A 13-Year-Old Trans Girl & Her Father Created a Swimwear Line for Non-Binary Kids

A 13-Year-Old Trans Girl & Her Father Created a Swimwear Line for Non-Binary Kids

A dedicated father named Jamie Alexander teamed with his 13-year-old daughter, Ruby to create much-needed garments for non-binary youth. The pair saw a demand for swimwear and other formfitting clothing for kids that make them feel comfortable and protected. These types of garments are readily available for adults. But, after shopping for her own, Ruby and her father realized that there was a great need for them in much smaller sizes.

With attitudes swiftly shifting about trans, non-binary, and gender-nonconforming youth, the fashion industry has struggled to keep up. Thankfully, Jamie and Ruby created a solution for her needs and now share it with other kids in similar situations.

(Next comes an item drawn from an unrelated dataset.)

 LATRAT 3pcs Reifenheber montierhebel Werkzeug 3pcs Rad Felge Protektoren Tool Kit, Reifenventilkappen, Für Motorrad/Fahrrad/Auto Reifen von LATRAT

Rubies, the name of Jamie Alexander and Ruby’s clothing line, connects kids with comfortable garments that are designed for trans girls and non-binary youth.

The father-daughter duo launched Rubies, a line of swimwear and underwear specifically made to fit trans girls and non-binary bodies.

While these sorts of garments have been around for adults since the sixties, there still is a long way to go for clothing makers to catch up with the needs of customers.

In the above video, you will find the very smart Ruby describing how these garments are slightly different than those of the past.

“The outside is made of a shaping spandex, and in the inside, there are two layers of mesh that keep everything in place. No need for tucking or large padding in the front,” Ruby explains.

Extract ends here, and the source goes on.